## PROBLEM DESCRIPTION
Only the lines below from the one that holds "7203 Kipu Place, Honolulu, HI 96825" through the one that holds "Fotografía de familia" should appear in the answer, copied exactly, end lines included and pictures omitted.

## DATA SUPPLIED

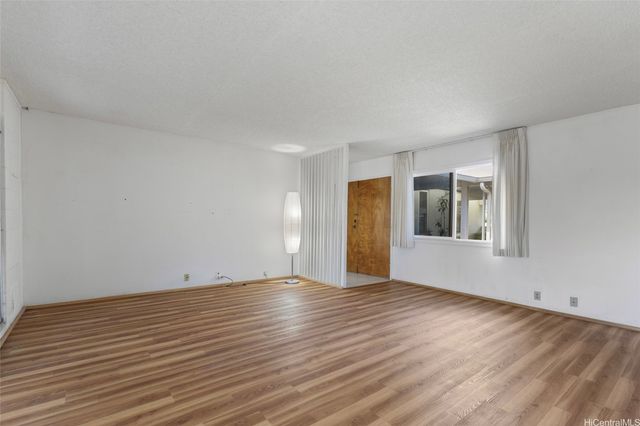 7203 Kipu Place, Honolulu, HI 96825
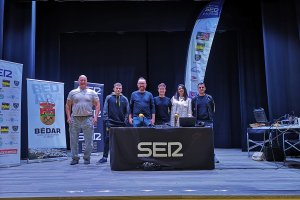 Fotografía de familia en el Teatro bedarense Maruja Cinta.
...
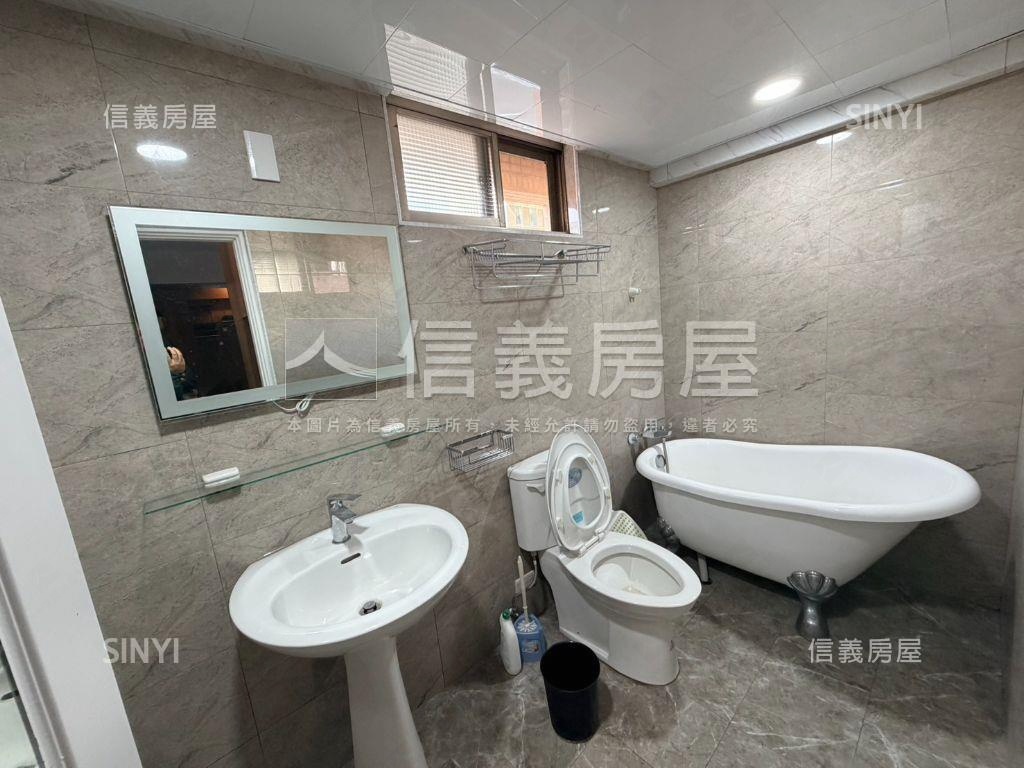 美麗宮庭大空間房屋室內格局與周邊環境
...
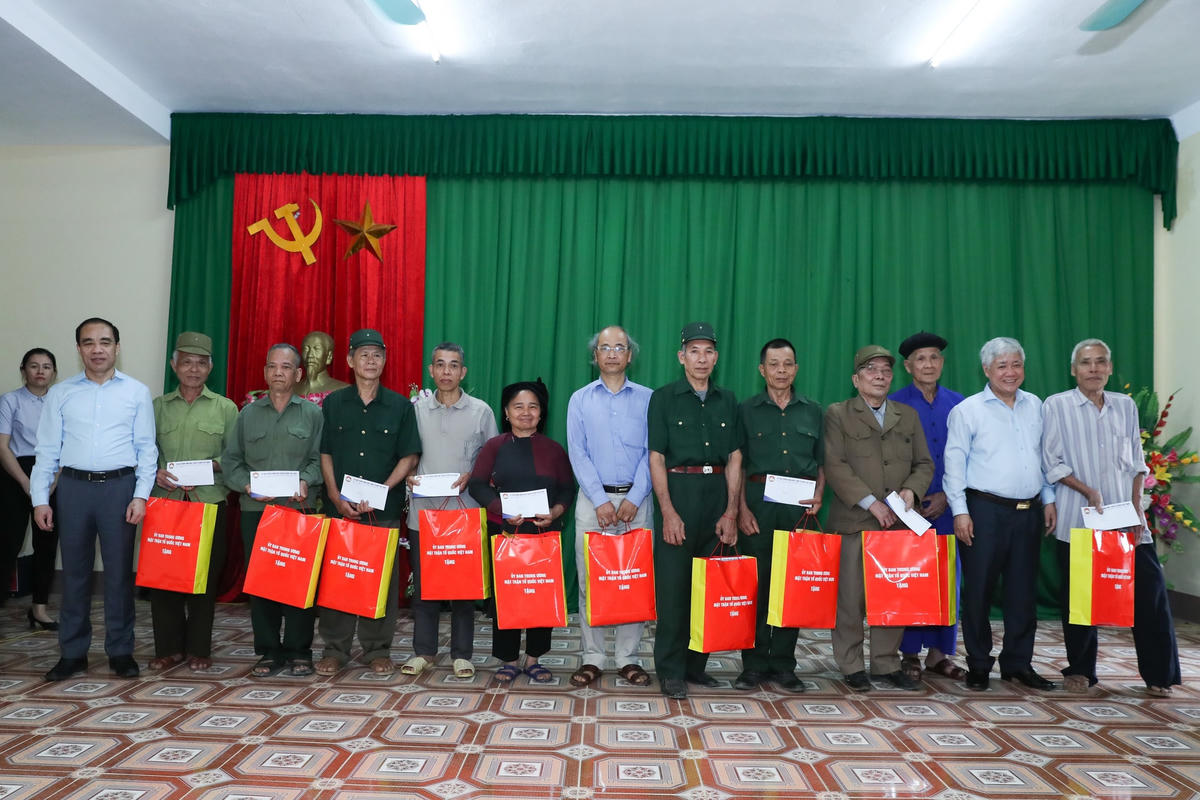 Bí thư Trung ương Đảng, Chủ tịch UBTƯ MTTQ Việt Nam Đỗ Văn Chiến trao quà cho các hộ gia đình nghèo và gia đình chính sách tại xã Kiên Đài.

## YOUR SOLUTION
 7203 Kipu Place, Honolulu, HI 96825
 Fotografía de familia en el Teatro bedarense Maruja Cinta.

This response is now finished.